Task to carry out – Would you transcribe the entries below, beginning at the line with "Under the Sea" and ending after the line with "Book mockups for different use scenarios Book", exactly, with no picture and nothing more?

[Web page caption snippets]
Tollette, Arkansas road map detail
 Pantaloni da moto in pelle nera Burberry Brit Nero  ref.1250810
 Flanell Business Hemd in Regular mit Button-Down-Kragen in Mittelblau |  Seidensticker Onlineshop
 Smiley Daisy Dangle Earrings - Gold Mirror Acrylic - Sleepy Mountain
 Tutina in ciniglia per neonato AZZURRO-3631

...

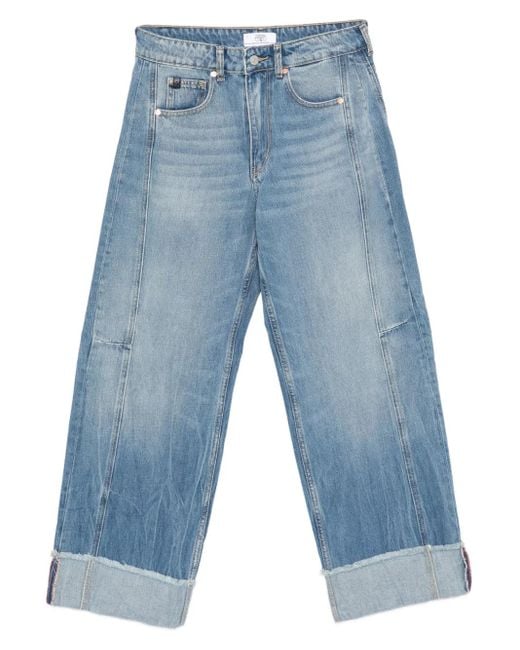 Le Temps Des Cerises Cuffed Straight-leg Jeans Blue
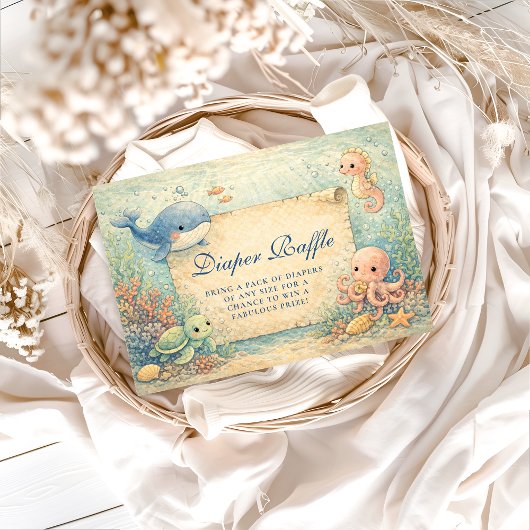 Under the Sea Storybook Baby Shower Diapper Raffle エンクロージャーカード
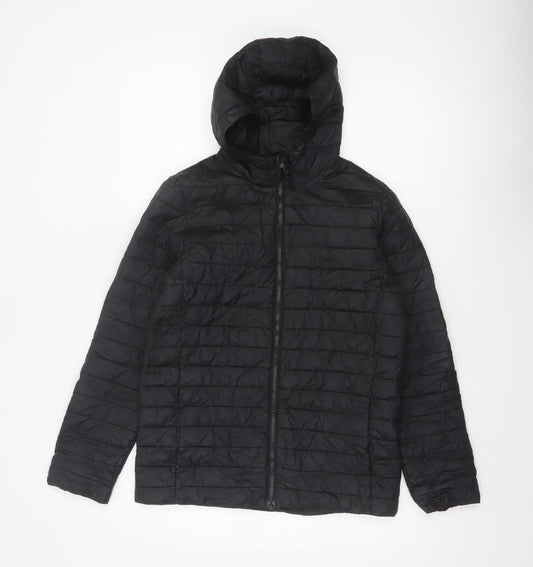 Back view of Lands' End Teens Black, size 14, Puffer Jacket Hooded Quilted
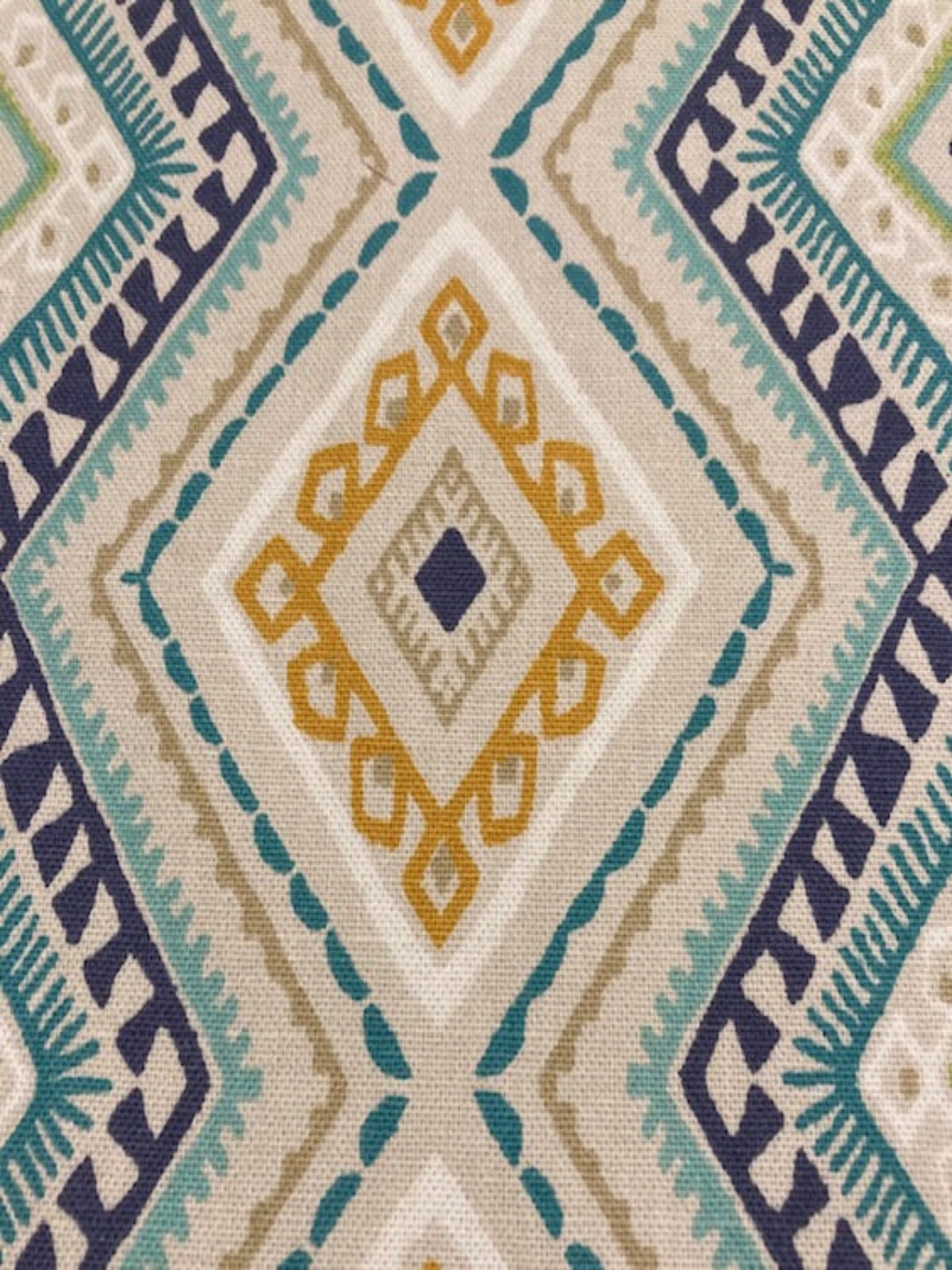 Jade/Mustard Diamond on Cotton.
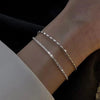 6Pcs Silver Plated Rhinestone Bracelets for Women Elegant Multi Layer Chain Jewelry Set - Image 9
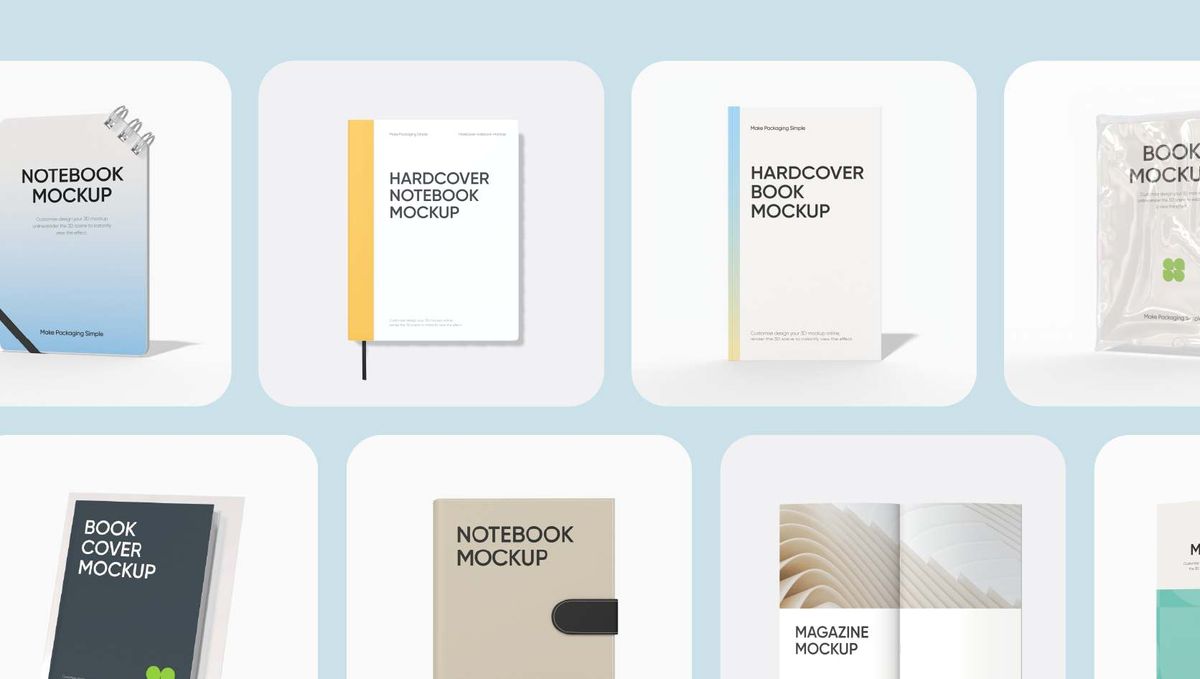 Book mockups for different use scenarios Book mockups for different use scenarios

Written response –
 Under the Sea Storybook Baby Shower Diapper Raffle エンクロージャーカード
 Back view of Lands' End Teens Black, size 14, Puffer Jacket Hooded Quilted
 Jade/Mustard Diamond on Cotton.
 6Pcs Silver Plated Rhinestone Bracelets for Women Elegant Multi Layer Chain Jewelry Set - Image 9
 Book mockups for different use scenarios Book mockups for different use scenarios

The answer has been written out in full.